Filter the data for lines with the word "Porta", then copy every line so identified.

Data items:
________________
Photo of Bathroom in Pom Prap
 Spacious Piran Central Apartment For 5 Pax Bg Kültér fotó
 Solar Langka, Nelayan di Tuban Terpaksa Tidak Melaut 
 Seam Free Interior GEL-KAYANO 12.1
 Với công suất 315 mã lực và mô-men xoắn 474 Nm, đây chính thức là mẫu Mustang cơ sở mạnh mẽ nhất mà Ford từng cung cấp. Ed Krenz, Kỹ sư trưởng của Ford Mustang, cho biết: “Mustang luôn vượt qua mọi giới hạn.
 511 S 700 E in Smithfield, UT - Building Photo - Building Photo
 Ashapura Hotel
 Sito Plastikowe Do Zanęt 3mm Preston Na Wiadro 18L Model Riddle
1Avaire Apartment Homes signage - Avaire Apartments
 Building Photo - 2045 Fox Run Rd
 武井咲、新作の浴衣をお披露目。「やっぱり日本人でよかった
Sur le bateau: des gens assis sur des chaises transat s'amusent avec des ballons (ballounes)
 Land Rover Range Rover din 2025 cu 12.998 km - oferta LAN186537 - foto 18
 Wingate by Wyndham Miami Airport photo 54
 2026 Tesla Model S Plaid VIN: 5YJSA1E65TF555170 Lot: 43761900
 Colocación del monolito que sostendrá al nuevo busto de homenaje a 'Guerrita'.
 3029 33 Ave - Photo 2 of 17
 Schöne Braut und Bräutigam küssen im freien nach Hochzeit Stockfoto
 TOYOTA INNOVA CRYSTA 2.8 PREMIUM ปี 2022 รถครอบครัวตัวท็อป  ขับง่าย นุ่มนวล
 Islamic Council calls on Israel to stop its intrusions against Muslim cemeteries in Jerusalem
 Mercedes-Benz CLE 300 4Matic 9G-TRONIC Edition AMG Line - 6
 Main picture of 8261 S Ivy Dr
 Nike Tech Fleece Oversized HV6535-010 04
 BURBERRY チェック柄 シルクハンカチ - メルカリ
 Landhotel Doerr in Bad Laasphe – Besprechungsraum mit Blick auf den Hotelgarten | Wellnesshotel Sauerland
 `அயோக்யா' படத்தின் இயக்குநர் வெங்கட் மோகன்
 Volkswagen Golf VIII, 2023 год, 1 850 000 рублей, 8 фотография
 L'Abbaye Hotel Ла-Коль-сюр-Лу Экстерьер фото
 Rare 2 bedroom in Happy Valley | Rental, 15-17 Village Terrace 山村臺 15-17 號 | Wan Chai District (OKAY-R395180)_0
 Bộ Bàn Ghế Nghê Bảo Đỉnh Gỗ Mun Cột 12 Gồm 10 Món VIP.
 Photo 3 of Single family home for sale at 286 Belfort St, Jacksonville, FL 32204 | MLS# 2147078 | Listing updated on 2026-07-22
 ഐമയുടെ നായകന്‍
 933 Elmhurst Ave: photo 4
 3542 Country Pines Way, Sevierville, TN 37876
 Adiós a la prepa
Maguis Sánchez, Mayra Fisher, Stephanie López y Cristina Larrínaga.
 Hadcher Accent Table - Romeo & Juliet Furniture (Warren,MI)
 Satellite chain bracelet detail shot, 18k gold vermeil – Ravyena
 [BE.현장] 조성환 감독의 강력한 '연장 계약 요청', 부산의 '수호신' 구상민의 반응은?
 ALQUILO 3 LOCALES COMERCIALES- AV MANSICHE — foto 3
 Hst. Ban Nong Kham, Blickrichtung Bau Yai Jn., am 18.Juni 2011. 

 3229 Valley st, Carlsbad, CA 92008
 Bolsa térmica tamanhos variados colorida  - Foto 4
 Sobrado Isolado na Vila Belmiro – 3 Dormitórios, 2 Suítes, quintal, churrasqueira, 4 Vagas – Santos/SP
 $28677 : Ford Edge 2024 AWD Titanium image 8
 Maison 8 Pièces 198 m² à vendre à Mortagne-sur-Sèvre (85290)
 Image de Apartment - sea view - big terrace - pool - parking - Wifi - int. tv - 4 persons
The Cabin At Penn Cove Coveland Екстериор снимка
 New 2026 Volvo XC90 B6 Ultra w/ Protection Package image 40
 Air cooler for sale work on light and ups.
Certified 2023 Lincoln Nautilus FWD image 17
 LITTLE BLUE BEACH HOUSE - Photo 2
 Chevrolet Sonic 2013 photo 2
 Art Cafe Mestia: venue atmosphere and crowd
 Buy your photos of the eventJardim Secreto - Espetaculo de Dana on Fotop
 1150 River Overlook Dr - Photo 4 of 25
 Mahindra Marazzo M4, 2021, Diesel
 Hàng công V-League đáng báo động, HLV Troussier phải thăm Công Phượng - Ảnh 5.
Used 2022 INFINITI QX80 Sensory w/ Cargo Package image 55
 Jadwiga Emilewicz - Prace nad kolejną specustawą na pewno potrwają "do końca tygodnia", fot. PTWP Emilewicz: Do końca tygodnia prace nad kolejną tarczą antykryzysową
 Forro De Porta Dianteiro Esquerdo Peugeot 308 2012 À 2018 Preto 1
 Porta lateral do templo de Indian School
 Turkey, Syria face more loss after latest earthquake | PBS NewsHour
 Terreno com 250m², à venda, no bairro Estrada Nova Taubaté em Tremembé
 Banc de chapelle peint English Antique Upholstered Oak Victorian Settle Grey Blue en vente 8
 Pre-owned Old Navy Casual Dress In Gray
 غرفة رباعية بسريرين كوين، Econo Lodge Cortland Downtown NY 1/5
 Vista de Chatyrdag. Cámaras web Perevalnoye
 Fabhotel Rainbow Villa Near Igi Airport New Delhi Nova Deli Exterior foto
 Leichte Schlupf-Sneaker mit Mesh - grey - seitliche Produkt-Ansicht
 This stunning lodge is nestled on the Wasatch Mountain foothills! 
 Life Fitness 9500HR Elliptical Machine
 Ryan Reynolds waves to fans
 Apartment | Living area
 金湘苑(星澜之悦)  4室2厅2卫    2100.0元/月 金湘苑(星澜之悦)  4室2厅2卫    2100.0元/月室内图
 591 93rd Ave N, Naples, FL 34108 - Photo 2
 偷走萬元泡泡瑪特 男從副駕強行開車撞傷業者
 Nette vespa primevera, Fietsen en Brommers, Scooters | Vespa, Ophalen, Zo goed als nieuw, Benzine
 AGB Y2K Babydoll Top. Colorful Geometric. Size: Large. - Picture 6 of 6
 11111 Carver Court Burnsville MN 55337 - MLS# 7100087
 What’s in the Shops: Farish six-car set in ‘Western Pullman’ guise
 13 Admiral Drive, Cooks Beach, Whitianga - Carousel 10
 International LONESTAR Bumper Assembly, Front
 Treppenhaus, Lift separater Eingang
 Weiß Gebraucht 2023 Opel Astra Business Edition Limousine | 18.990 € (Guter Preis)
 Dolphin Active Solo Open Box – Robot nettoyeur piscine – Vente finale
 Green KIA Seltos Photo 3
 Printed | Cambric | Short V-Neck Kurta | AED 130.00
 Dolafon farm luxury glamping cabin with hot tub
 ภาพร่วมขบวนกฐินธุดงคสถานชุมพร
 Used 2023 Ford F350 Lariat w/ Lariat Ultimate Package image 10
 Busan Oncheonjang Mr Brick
________________
Reply to the task:
 Forro De Porta Dianteiro Esquerdo Peugeot 308 2012 À 2018 Preto 1
 Porta lateral do templo de Indian School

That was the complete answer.